▶ _TASK OBJECTIVE_
Set down all of the entries word for word, omitting the images they contain.

Start of SOURCE DATA

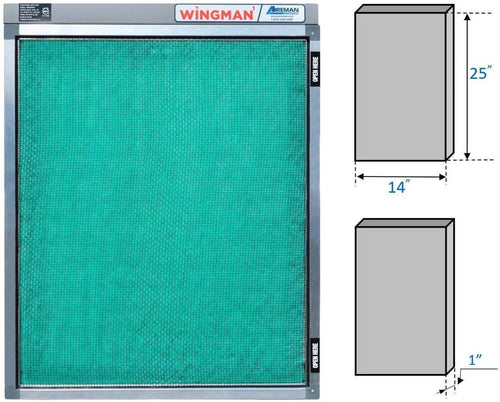 14x25x1 Electronic Air Filter Including Year Supply of Replacement Pads - Homeowner Installed- Simply Replace Your Current AC Furnace Air Filter and PLUG IT IN!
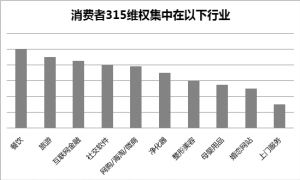  360搜索连系BTV宣布315大数据(图)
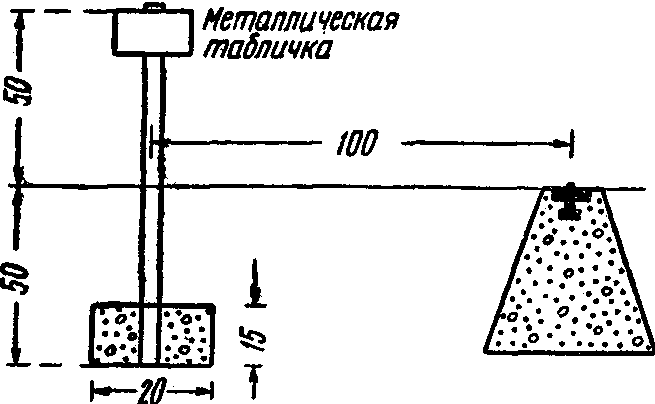 2.2. Типы нивелирных знаков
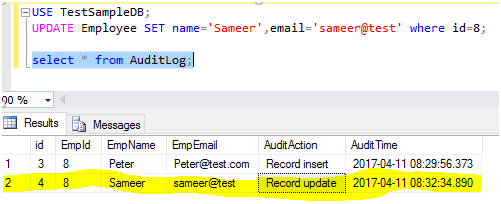 Triggers In SQL Server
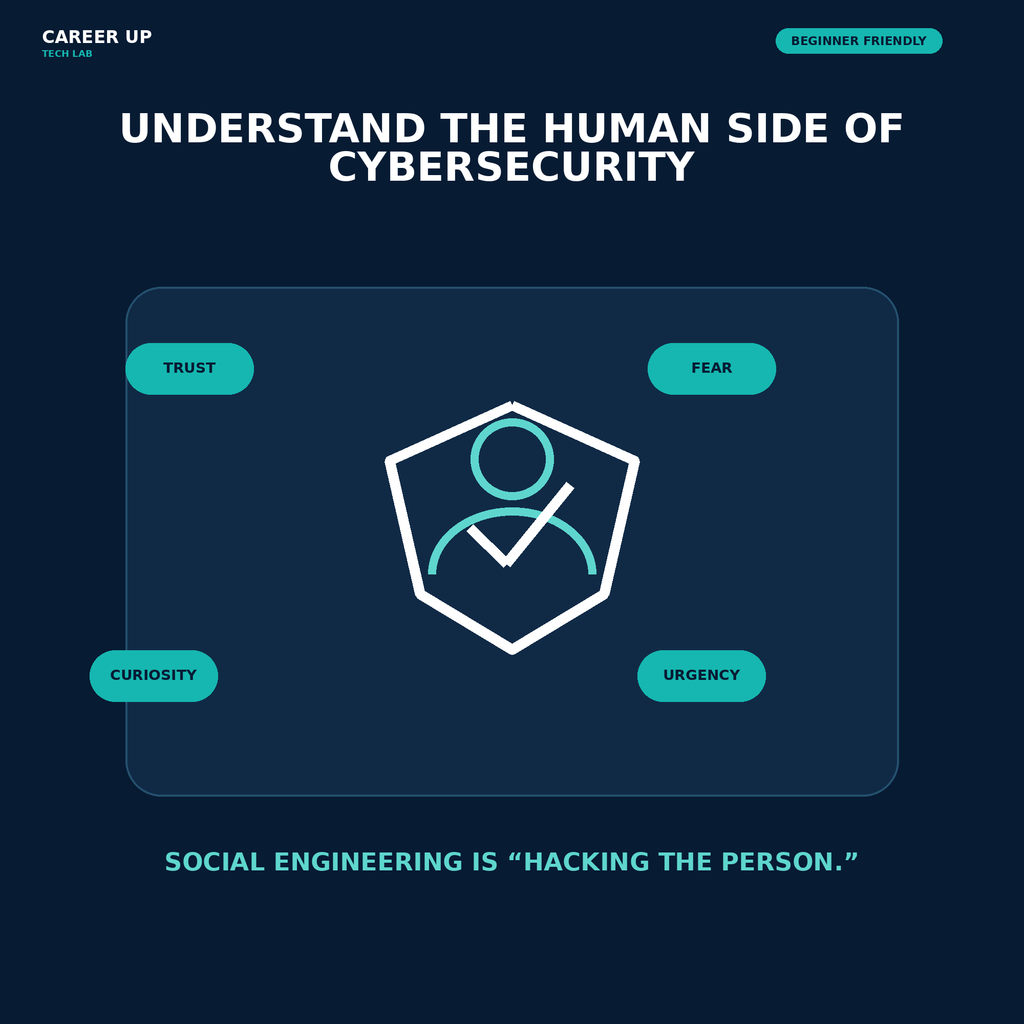 Social engineering cybersecurity guide graphic showing how attackers exploit trust, fear, curiosity and urgency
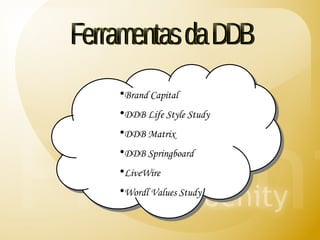 Brand Capital DDB Life Style Study DDB Matrix DDB Springboard LiveWire Wordl Values Study Ferramentas da DDB 
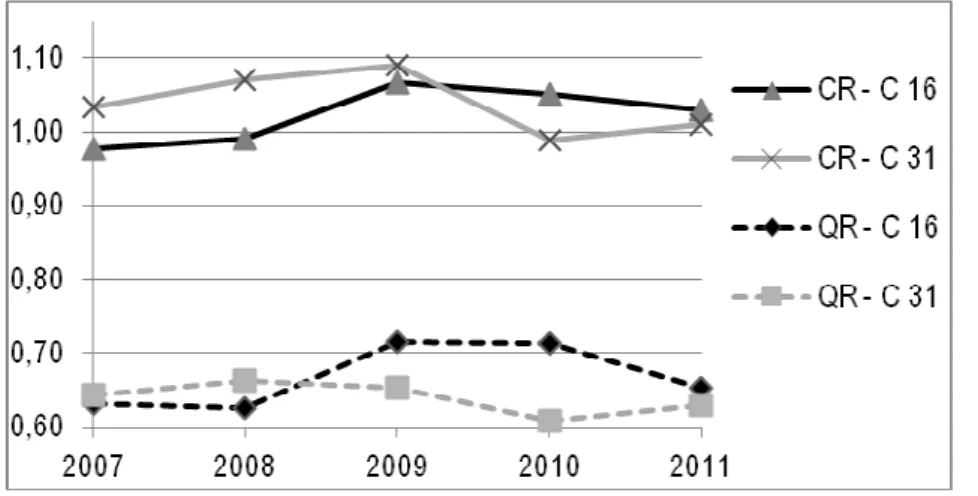 Figure 3. Current Ratio (CR) and Quick Ratio (QR) for C 16 and C 31 (2007-2011) 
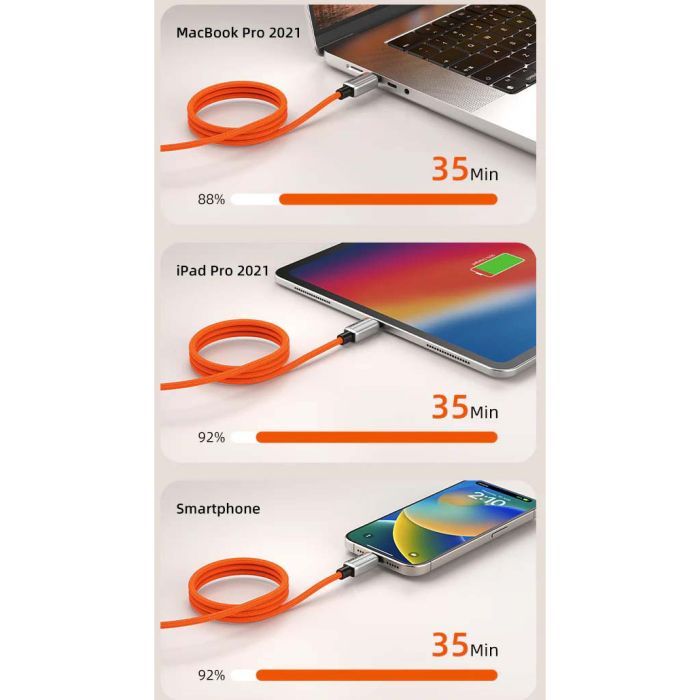 Дата кабель USB-C to USB-C 2.0m PD240W magnetic Cabletime (CA915729) зображення 5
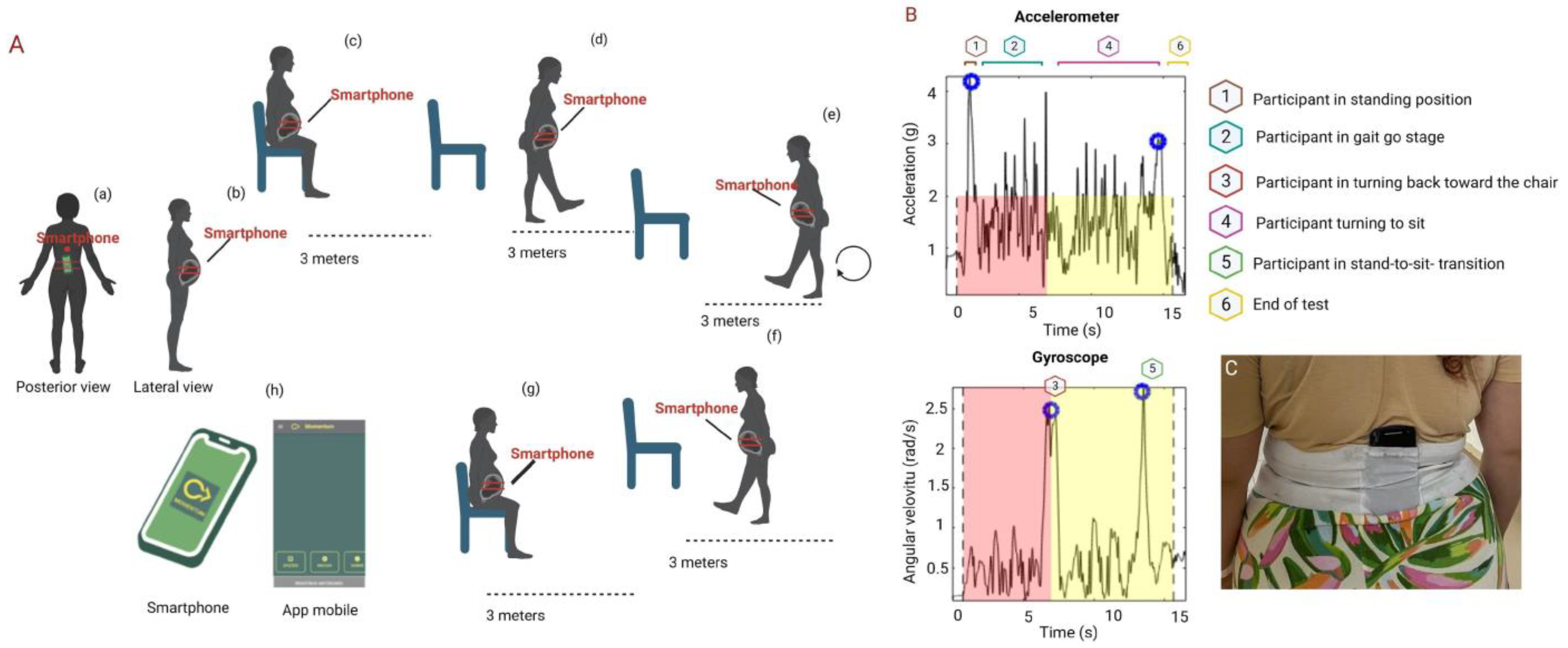 Sensors 24 04615 g004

End of SOURCE DATA

▶ _ANSWER FOR THIS EXERCISE_
 14x25x1 Electronic Air Filter Including Year Supply of Replacement Pads - Homeowner Installed- Simply Replace Your Current AC Furnace Air Filter and PLUG IT IN!
  360搜索连系BTV宣布315大数据(图)
 2.2. Типы нивелирных знаков
 Triggers In SQL Server
 Social engineering cybersecurity guide graphic showing how attackers exploit trust, fear, curiosity and urgency
 Brand Capital DDB Life Style Study DDB Matrix DDB Springboard LiveWire Wordl Values Study Ferramentas da DDB 
 Figure 3. Current Ratio (CR) and Quick Ratio (QR) for C 16 and C 31 (2007-2011) 
 Дата кабель USB-C to USB-C 2.0m PD240W magnetic Cabletime (CA915729) зображення 5
 Sensors 24 04615 g004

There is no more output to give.